Book #33: The Outsiders by S.E. Hinton
This was another one on my must-read list because I never read it in school. To say I was disappointed is an understatement. I won’t bother with a summary since it’s such a well-known book and movie, but I just could not connect to these characters or care about them at all. Perhaps the worst part for me was the dialogue – it felt so uncomfortable. The movie actually came on TV the day after I finished reading it, and I thought maybe that would help me appreciate it more. My husband was excited and told me it was one of his favorite movies of all time. It did nothing for me. I am glad I gave it a chance, though, because now at least I have my own opinion of it.
Book #34: Every You, Every Me by David Levithan
I was excited about the concept of this book: that it is impossible for anyone to truly know every side of a person. Everyone has secrets and everyone projects a certain personality depending on who they’re with and what the situation is. However, the book really fell short of my expectations. I learned that the author would receive a photo from a colleague and then write the story around the photo. This really showed in the finished product because the whole thing felt forced and disconnected, and well, just plain strange.
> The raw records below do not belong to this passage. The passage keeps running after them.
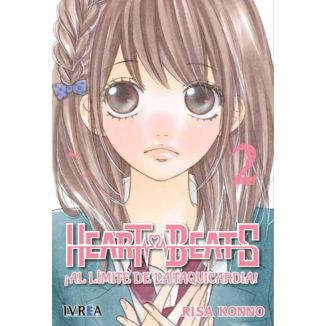 Heartbeats Al Limite de la Taquicardia #02 Manga Oficial Ivrea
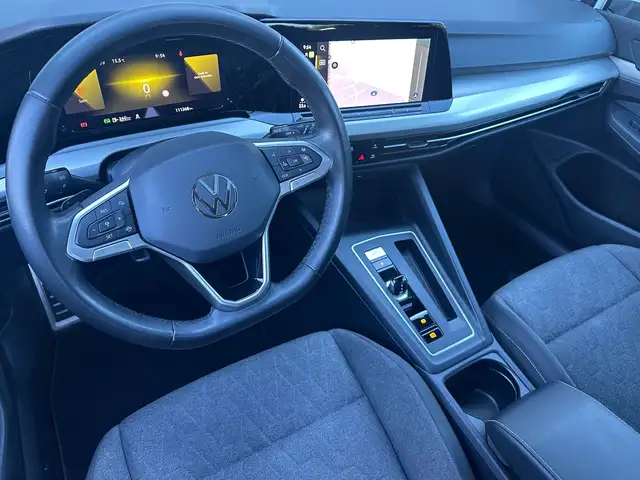 Volkswagen Golf view 9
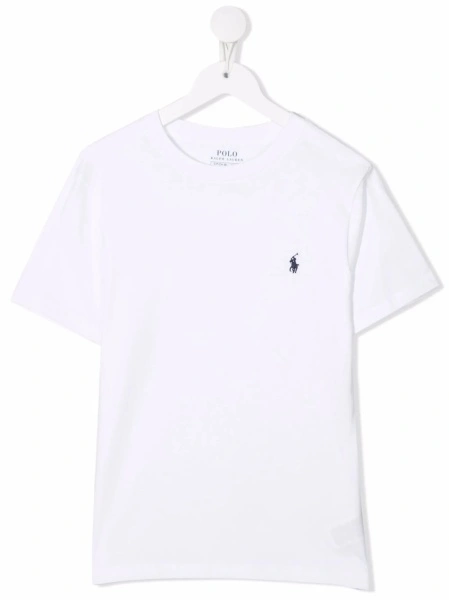 Tricou Ralph Lauren alb
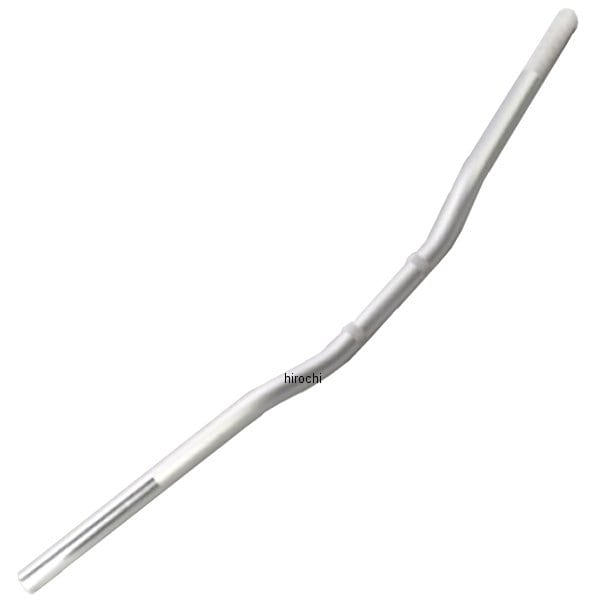 60801033 アクティブ ACTIVE ROAD アルミハンドル ロータイプ シルバー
Book #35: Persepolis by Marjane Satrapi
My husband is really into comic books and he had heard that this graphic novel was supposed to be very good. He’s wanted it forever and he’s been trying to convince me to give it a try. I ended up buying volumes one and two for him for our anniversary, and I picked it up because I was out of books and jonesing for something to read. I can’t tell you how pleasantly surprised I was. It’s based on the author’s life growing up in Iran, and it spans the time form when she was a very young girl until she was a teenager. I loved hearing about the wars and fighting from a child’s perspective. She had a basic understanding of what was going on, but she also just wanted to hang out with her friends and have fun. I highly, highly recommend this.
Book #36: Persepolis 2 by Marjane Satrapi
Naturally, since I enjoyed the first volume so much, I was excited to continue reading about Marjane’s experiences. I don’t know if my expectations were too high, or if I just didn’t care for it, but this one was a struggle to get through. The author came across as somewhat whiny, and I couldn’t relate to her life choices at all. I found myself rolling my eyes and judging her a lot, even though I didn’t mean to. Whereas the first one made me smile, laugh, and even cry, this one made me just want to hurry up and finish it so I could move on to something else.
Book #37: The Lost Hero by Rick Riordan
I absolutely loved the Percy Jackson series of books. I can remember starting to read this one several years ago, but then I think Hurricane Irene happened and our life got turned upside down and this book got lost in a box somewhere for quite awhile. I decided to pick it back up and start from the beginning since I couldn’t remember anything about it. It’s no Percy Jackson, but it was fun and entertaining. It did connect to Percy because you do get to revisit Camp Half Blood and some of the original characters. I felt kind of lukewarm about it while I was reading, but then the ending completely left me hanging and wanting to continue the series.
And now I’m working on Insurgent, which I’m loving, although not as much as Divergent. I’ve heard that a lot of people were disappointed with this one and the last installment, but I’m trying not to let that cloud my judgement.